Contact your local council to check that the shed described here and its proposed location comply with all local planning and building rules and find out whether a building or resource consent is required prior to construction (click here to see our information on consent exemptions and building code).
|Bearers /skids||100 x 100 mm H5 treated radiata pine timber|
|Joists||100 x 50 mm H3.2 treated radiata pine timber|
|Floor||18 mm construction plywood H3 treated|
(2.4 m x 1.2 m sheets)
|Rafters||140 x 45 mm H3.2 treated radiata pine timber|
|Wall frame||90 x 45 mm H3.2 treated radiata pine timber|
|Cladding||12 mm cladding grade construction plywood H3 treated|
(2.7 m x 1.2 m sheets)
|Exterior trims||70 x 18 mm H3.2 treated timber door architrave|
|Fascia board||140 x 18 mm H3.2 treated timber|
|Roofing||Factory painted corrugated long-run metal roofing|
2 x lengths of matched barge flashing
1 x length of soft-edged verge flashing
Roofing screws for corrugated iron
|Underlay||Heavyweight black building paper and galvanised chicken mesh|
|Nails||100 mm jolt-head hot-dip galvanised nails|
75 mm jolt-head hot-dip galvanised nails
60 mm flat-head hot-dip galvanised nails
|Door||Pre-hung 710 mm exterior grade panel door and relevant door hardware (framing may be adjusted to suit other widths)|
|Window||800 x 600 mm aluminium window with timber reveal|
(framing may be adjusted to suit other dimensions)
|Flashing||Aluminium head flashing to door and window with a 150 mm back upstand to fit behind fascia|
|Wall/roof brace||Galvanised flat metal brace strap|
|Brace||Scrap timber for temporary braces|
Cut five lengths of 100 x 50 mm timber joists to 2.3 m in length and two joists to 2.4m in length. Nail a 2.3 m joist on edge between each end of the two 2.4 m joists with 100 mm jolt-head galvanised nails through the face of the 2.4 m joists into the ends of the 2.3 m joists, to form a 2.4 m square of joists on edge. Mark out the centre joist position to align with the joint in the plywood flooring and fix in place. Locate remaining joists equally spaced between the centre joist and end joists (400 mm centres approx.) to complete the floor (Figure 1).

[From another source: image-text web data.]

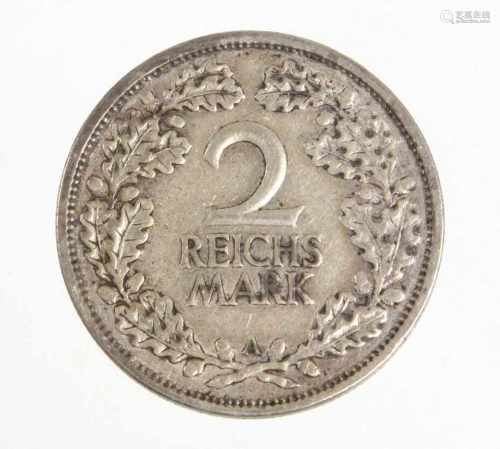 2 Reichsmark 1926 ADeutsches Reich, Silber, 2 Reichsmark 1926 A, Ø ca. 25,9mm, Gewicht ca. 10 Gramm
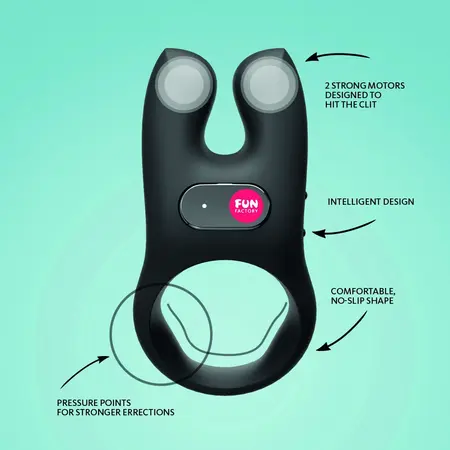 Fun Factory NOS Black - Dual Motor Rechargeable Intimate Ring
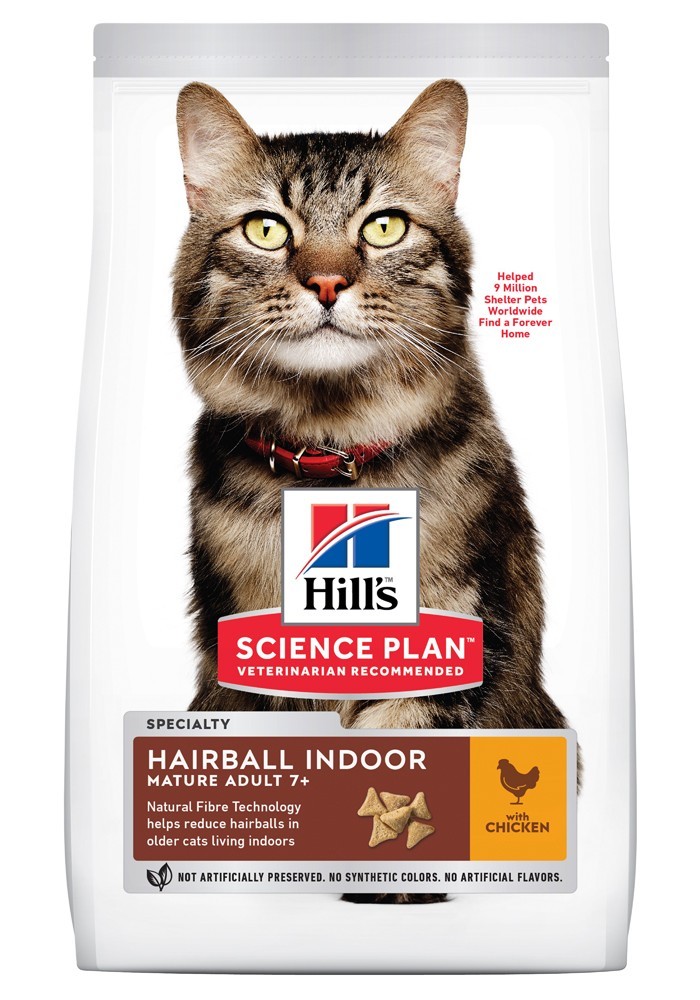 

Сухой корм для пожилых кошек старше 7 лет Hill's Science Plan Feline Mature Adult 7+ Hairball & Indoor с курицей - 1,5 кг (604490) (52742761008)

Mark the joists 200 mm in from two opposite sides of the floor platform, to a line at right angles to the joists. Cut two 2.4 m long 100 x 100 mm timber bearers with a 45º cut at each end. Skew nail them to the joists with 100 mm jolt-head galvanised nails each side of the bearer into each joist, along the marked line, to form skids that will allow the shed to be moved. Ensure that each end of the skids aligns to the edge of the perimeter joists, and that you have measured the diagonal dimensions of the platform and made adjustments until the dimensions are equal before you nail the bearers to the joists. This indicates that the platform is square.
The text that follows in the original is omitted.